Imagine that you're the skipper of a WWII submarine. Let's say it's the USS Cod, a submarine that saw service from 1943 to 1945, and you're on the prowl for enemy ships. What is it that you're supposed to do? How do you go about finding and firing at a target?

The first thing you need to do is situate your boat underwater at the right depth. For the USS Cod, you'd level off at the submarine's periscope depth, which is 67 feet. You'd then use your search periscope to scan the horizon. The search periscope's wide field of view allows you to see a wide area all at once.

Then you see it. An enemy destroyer. You switch to the attack periscope. The attack periscope is much smaller—its neck, the part that slices through water, is only 1.4 inches in diameter, so it leaves hardly any wake as the boat moves along.

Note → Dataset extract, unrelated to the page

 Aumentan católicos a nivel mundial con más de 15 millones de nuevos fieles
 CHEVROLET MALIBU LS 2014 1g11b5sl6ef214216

Next up is determining the target's bearing, course, range, and speed. To get the bearing, you center the scope's crosshairs on the ship. You call out "mark!"; the executive officer reads out the position off a gauge on the periscope. You determine the ship's course by guessing its "angle on the bow." For example, if the ship is heading directly toward you, the angle on the bow is 0 degrees. If its left side is facing you, the angle on the bow is "90 degrees port."

Stadiometer View through attack periscope.

There are several ways to determine range to the target. One is by radar, but your radar antenna is under water. Another is by sonar, but its ping could alert the enemy to your presence. Still another is your stadiometer, a device incorporated in the attack periscope. The stadiometer works like a sextant, but instead of giving you the angle between you and the sun (or some other object) and the horizon, you use it to determine the angle between you and the top of the ship's mast and the ship's waterline. Rotating a knob on the periscope causes another image of the ship to appear in the viewfinder. You turn the knob until the waterline of one image touches the masthead of the other image.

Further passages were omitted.